- [Source data]
==*==
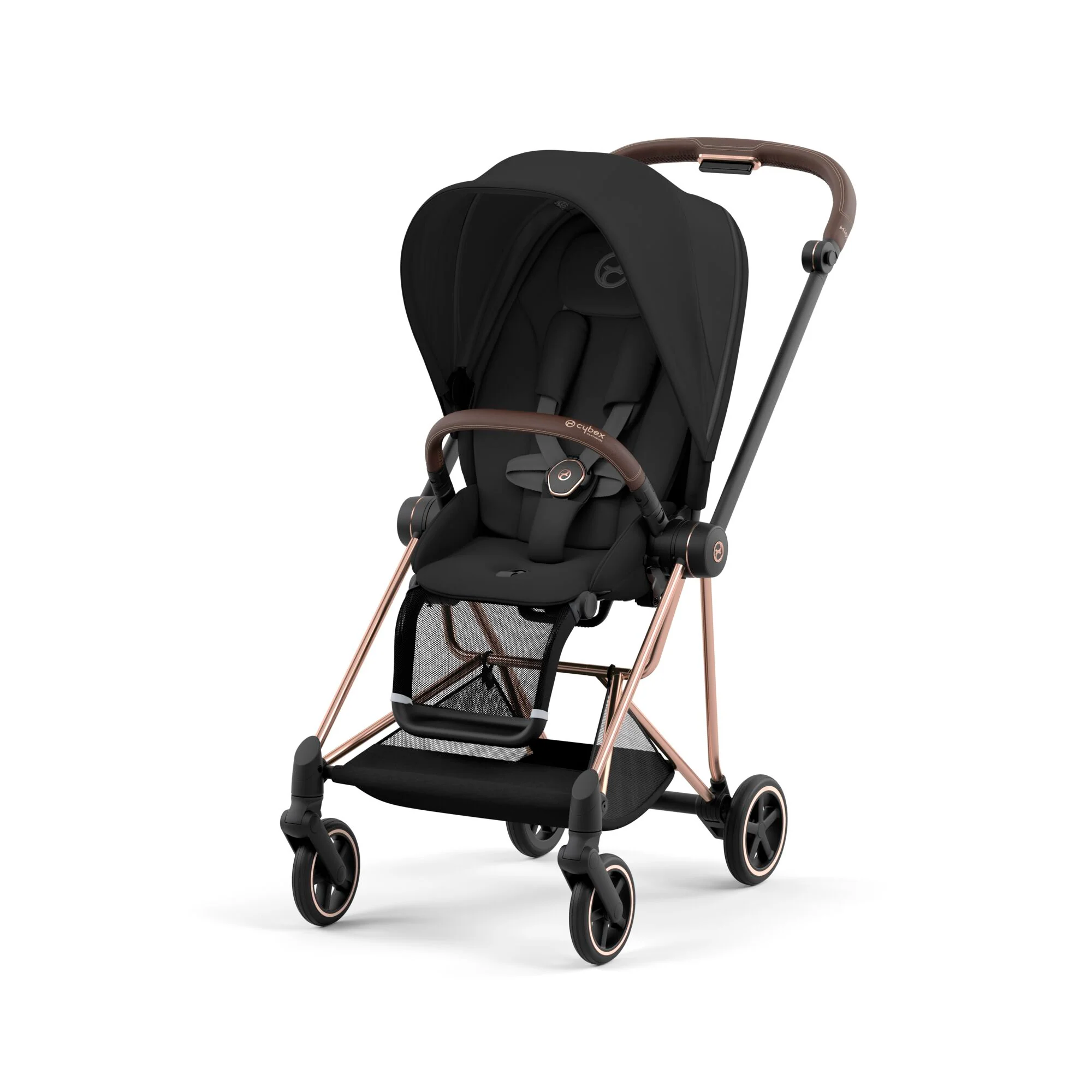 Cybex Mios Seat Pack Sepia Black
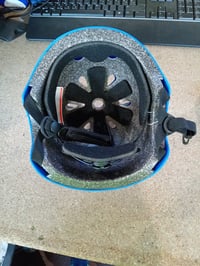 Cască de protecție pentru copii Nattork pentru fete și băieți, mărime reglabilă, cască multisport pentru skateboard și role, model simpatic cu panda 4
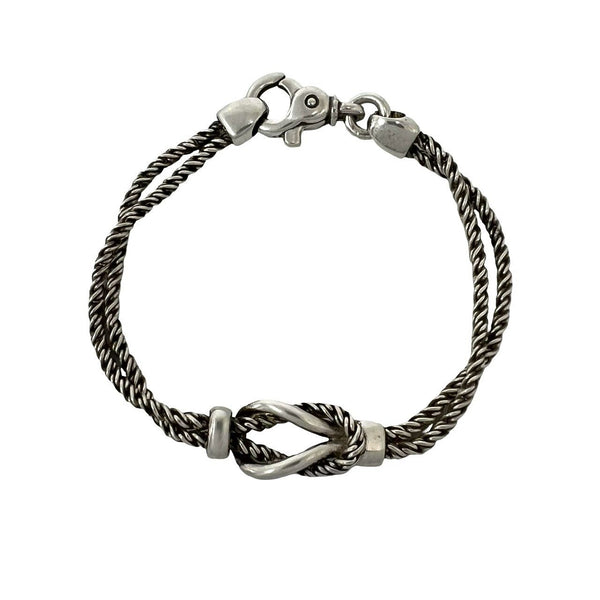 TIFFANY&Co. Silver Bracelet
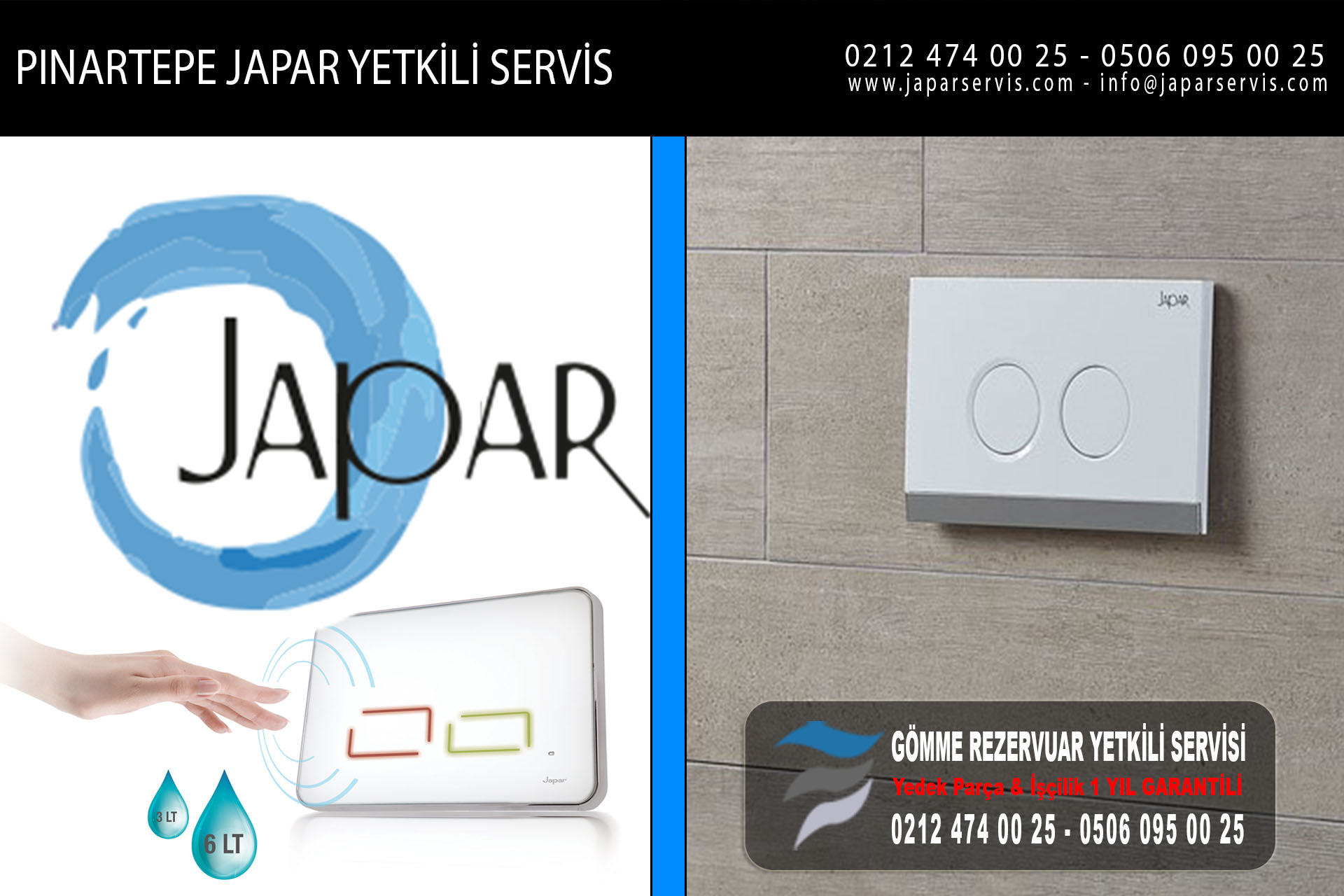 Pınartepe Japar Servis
==*==
- [What to work on] Each line above should be written out again exactly, without any image.

- [Response]
 Cybex Mios Seat Pack Sepia Black
 Cască de protecție pentru copii Nattork pentru fete și băieți, mărime reglabilă, cască multisport pentru skateboard și role, model simpatic cu panda 4
 TIFFANY&Co. Silver Bracelet
 Pınartepe Japar Servis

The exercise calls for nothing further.